Desktop Firefox New Profile Pings reporting "default" and "restart" as startup_profile_selection_reason
Categories
(Data Platform and Tools :: General, defect)
Tracking
(Not tracked)
People
(Reporter: shong, Unassigned)
References
(Blocks 1 open bug)
Details
Issue
From May 4th - May 19th 2023, an unusually high number of new profile pings are reporting "restart" or "default" as the startup_profile_selection_reason
.
new profile pings - profile selection reason
This effect is even more pronounced when we isolate to the subset of installs and new profiles that qualify as "mozorg windows funnel" (defined here).
Here is the ratio of mozorg windows funnel installs vs new profiles:
Overview NP and Installs MozOrg Only
From May 4th to May 19th 2023, we see the ratio of new profiles to new installs drop from the 90s to the 70s. That's because one of the qualifiers for mozorg windows funnel is startup_profile_selection_reason = 'firstrun-created-default'
.
New profiles that would normally report startup_profile_selection_reason = 'firstrun-created-default'
seem to be reporting "restart" or "default" instead over this period.
deepdive miscategorized pings - Startup reason
After this period, behavior seems to return to normal.
Can we find out what happened over this period in the product (installer, pingsender, etc.) that caused new profile pings to report "restart" or "default" as the profile selection reason instead of 'firstrun-created-default'?
Reporter | ||
Comment 1•8 months ago
|
||
After speaking with Client Telemetry DE, it sounds like New Profile Pings should never be reporting "default" or "restart" for startup_profile_selection_reason.
However, it's happening very regularly. Not just in the incident cited above, but day to day.
So this sounds like a straight up bug.
Request:
- Fix NPPs so they stop reporting "default" or "restart" for startup_profile_selection_reason
- Investigate and explain the edge cases that are leading to these values being reported currently
- Or, provide explanation for why this is happening if it is indeed expected behavior (and not a bug)
Reporter | ||
Updated•8 months ago
|
Reporter | ||
Comment 2•8 months ago
|
||
Blocking these 2 Jira tickets:
Comment 3•8 months ago
|
||
That value is set here: https://searchfox.org/mozilla-central/rev/669fac9888b173c02baa4c036e980c0c204dfe02/toolkit/profile/nsToolkitProfileService.cpp#570-571
mStartupReason
is determined in this function: SelectStartupProfile
.
After speaking with Client Telemetry DE, it sounds like New Profile Pings should never be reporting "default" or "restart" for startup_profile_selection_reason.
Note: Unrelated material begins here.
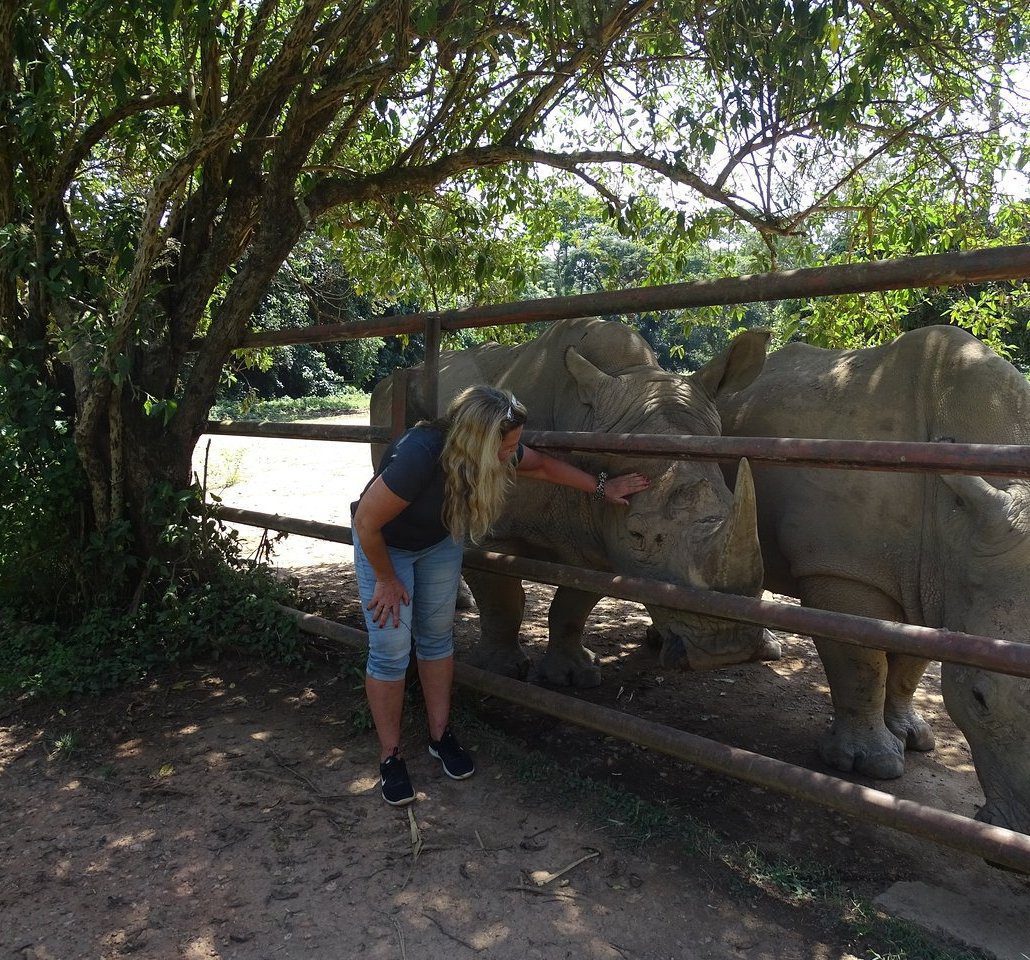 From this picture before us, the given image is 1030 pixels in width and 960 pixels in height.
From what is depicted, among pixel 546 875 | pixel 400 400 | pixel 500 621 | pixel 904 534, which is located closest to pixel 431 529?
pixel 400 400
That is my assumption, but I don't know the code good enough to understand under what circumstances it ends up being default
or restart
for a fresh profile.
Regardless that particular piece of code and data collection is not owned by us (we should probably also move the bug to the right component after).
Dave, are you the right person for this?
Comment 4•8 months ago
|
||
(In reply to Jan-Erik Rediger [:janerik] from comment #3)
That value is set here: https://searchfox.org/mozilla-central/rev/669fac9888b173c02baa4c036e980c0c204dfe02/toolkit/profile/nsToolkitProfileService.cpp#570-571
mStartupReason
is determined in this function:SelectStartupProfile
.After speaking with Client Telemetry DE, it sounds like New Profile Pings should never be reporting "default" or "restart" for startup_profile_selection_reason.
That is my assumption, but I don't know the code good enough to understand under what circumstances it ends up being
default
orrestart
for a fresh profile.
Regardless that particular piece of code and data collection is not owned by us (we should probably also move the bug to the right component after).
There is at least one case where it makes sense to submit default
as the value. That is when the user crashes in the first 30 minutes of using Firefox. In this case the new profile ping will be submitted in their second session using the startup reason for that second startup which would likely be default
. Hopefully that happens less often than we are seeing.
The restart
case is more odd. From the code we can only set that if the XRE_PROFILE_PATH
environment variable is set, which we only really set when restarting the app, but the new profile ping is meant to be submitted on shutdown in that case so should have the correct value. Possibly someone is setting that environment variable in the wild but unlikely to be in numbers large enough for us to really see this.
Seeing both of these more commonly suggests that something is broken in our attempt to submit the new profile ping during the first session. Perhaps the code that deals with submitting the ping on shutdown isn't working, in which case any restart of Firefox, or quit and relaunch within that first 30 minute window would cause us to see default
and restart
frequently.
Reporter | ||
Comment 5•8 months ago
|
||
Ah, interesting. Thanks so much Dave!
Yes, these seem far too common for the expected behavior to explain.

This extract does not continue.